Not only the best of the "Lord of the Rings" series, but sets a new standard of epic filmmaking.
Saying that this film starts where `Two Towers' left off is somewhat misleading, for the film starts a great distance from the walls of Helm's Deep. `Return of the King' opens with a flashback of Smeagol (Andy Serkis) obtaining the one ring of power and an origin of his deterioration into the creature Gollum. This opening recaptures an emphasis that was somewhat lost within the epic battles of `Two Towers,' at that's the ring. The first installment, `The Fellowship of the Ring,' provided heaps of exposition on the ring's importance and influence, and in `Return of the King,' we see it pay off, big time.
After the armies of Isengard have been defeated due to an allegiance between Theoden (Bernard Hill), the king of Rohan, and the elves, the main threat to middle earth is now concentrated in the kingdom of Mordor, controlled by the dark lord Sauron. Sauron has turned his eye towards the realm of Gondor, the last free kingdom of men, and the wizard Gandalf (Ian McKellan) must warn Denethor (John Noble), Steward of Gondor of the impending attack, while Aragorn (Viggo Mortenson), heir to the throne of Gondor, and Theoden gather men to aid against the armies of Mordor. The dark lord Sauron needs only to regain the one ring of power to conquer all of middle earth, and two hobbits, Frodo (Elijah Wood) the ring-bearer and Sam (Sean Astin), must continue their journey, directed by Gollum, to Mount Doom, the only place where the ring can be destroyed. Got all that? If not, you need to bone up on your `Lord of the Rings' before expecting to follow this film.
Since all three epics were filmed simultaneously, each individually has the feel of being part of a larger picture - except for this one. `The Return of the King' is just too big, the most epic of a set of epic films. Now that director Peter Jackson has brilliantly constructed the characters and plotlines throughout the first two films, he puts them to use.

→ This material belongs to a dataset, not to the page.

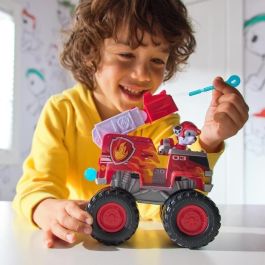 Spin Master 6069306 Vehículo Marshall Paw Patrol Rescue Wheels con Figura - Coche de Juguete con Casco para Niños +3 Años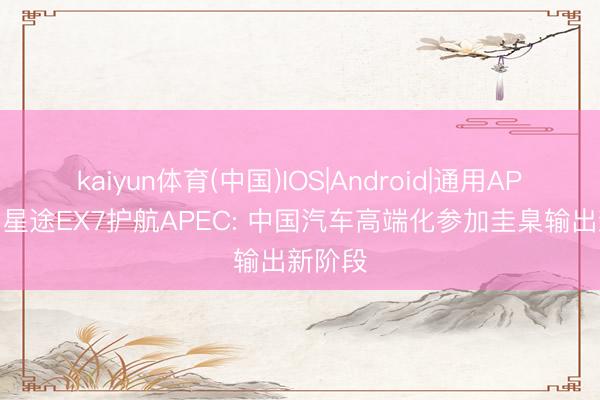 kaiyun体育(中国)IOS|Android|通用APP下载 星途EX7护航APEC: 中国汽车高端化参加圭臬输出新阶段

All of the characters have their best moments within this film. The pair of mischievous hobbits, Merry (Dominic Monaghan) and Pippin (Billy Boyd), are no longer the tree ornaments they were from `Two Towers,' but are split-up, and take their characters in completely new directions. Aragorn, played with an unmatched sense of honor by Viggo Mortenson, is about to meet his destiny as the future king of all men, while Andy Serkis continues his expert portrayal of Gollum (Serkis' provided not only the voice of Gollum, but also assisted during production by acting out the scenes of the computer-generated character with his fellow actors).
However, the real acting triumph of the film is Elijah Wood as Frodo Baggins. He continues his descent into corruption with an incredible talent that many could not pull off. Wood's performance is so critical to the film because it determines the ring's power to corrupt, which, needless to say, is absolute.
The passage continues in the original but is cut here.